Satanic Temple Raises Question: Can Satanism be Atheism?
Jex Blackmore (The Satanic Temple) and Cindy Fleming (Temples of Satan)
There is a rising controversy among two of the least likely beliefs to cause a stir with one another in the realm of religion: Satanism and Atheism.
The atheistic Satanic Temple is a New York-based organization that recently introduced a chapter in the city of Detroit; an action that has caused friction to appear between them and other groups identifying as Satanist. This unusual case of religion and anti-religion has caused many people, both inside the organizations and outside, to ask: Can an Atheist also be a Satanist?
What is Satanism?
The Temples of Satan is a group closer to the common interpretation of a religious organization than many other fringe Satanist groups, including The Satanic Temple. According to Rev. Tom Erik Raspotnik, the Temples of Satan worship Satan as a deity. He and other followers of his faith identify as pro-life and believe in animal sacrifices.

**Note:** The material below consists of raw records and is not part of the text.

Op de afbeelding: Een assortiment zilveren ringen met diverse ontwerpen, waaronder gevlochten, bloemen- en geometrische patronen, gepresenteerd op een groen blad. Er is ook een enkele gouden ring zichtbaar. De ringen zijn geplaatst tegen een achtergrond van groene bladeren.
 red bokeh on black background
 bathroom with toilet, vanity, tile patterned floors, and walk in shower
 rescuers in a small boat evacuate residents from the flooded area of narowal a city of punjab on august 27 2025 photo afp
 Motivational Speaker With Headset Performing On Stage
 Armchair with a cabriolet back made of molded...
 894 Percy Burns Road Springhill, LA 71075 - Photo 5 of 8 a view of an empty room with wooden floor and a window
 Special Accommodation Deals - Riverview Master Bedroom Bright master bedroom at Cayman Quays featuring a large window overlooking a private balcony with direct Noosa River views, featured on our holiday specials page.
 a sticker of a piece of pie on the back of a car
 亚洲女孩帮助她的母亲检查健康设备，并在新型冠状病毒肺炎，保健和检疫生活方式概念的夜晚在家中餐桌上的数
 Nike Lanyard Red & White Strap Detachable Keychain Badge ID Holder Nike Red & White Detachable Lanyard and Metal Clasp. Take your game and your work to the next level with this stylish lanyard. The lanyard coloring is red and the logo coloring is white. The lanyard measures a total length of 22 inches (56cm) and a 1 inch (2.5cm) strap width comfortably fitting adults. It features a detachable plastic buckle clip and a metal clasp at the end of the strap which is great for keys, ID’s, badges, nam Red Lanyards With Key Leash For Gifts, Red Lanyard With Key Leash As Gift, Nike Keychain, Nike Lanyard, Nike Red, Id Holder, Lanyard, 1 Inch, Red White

With The Satanic Temple, however, there is much less emphasis on the aspect of Satan, and more upon approaching the world from a humanist mindset. While they subscribe to the adversarial concept of Satan and outwardly identify with Satanism, they do not hold active worship or services. In their own words, they subscribe to the “Literary Satan;” the one that is seen in works by Milton and Blake.
Why The Schism?
Another Satanist organization with beliefs founded in Atheism, the Church of Satan, while encouraging of the concept of intelligence and disobeying social mores, has come out to say that The Satanic Temple should not brand themselves as “Satanist” because that’s a term reserved for the Church of Satan. A Satanist who worships the deity Satan, Cindy Fleming called the Temple of Satan hypocrites. According to her “An atheist is what? They don’t believe in anything, any religion.”
Religion In Anti-Religion
It seems as though The Satanic Temple is here to stay, and they believe that they are being harangued by the mainstream Satanist organizations because they do not adhere to their hierarchical structures or beliefs. As ironic as this may be to some, it is still a valid argument that Atheism is the absence of religion, and that religion is often characterized by a god, omnipotent or not. If this is the operative definition, then it would seem that The Satanic Temple is in an interstice between religion and disbelief. They will likely remain on the fringes until there is better agreement as to what makes a religion religious.
UPDATE: A previous version of this article had confused the views of the Temples of Satan, worshippers of Satan, and the Church of Satan, Atheists. That mix up has been fixed.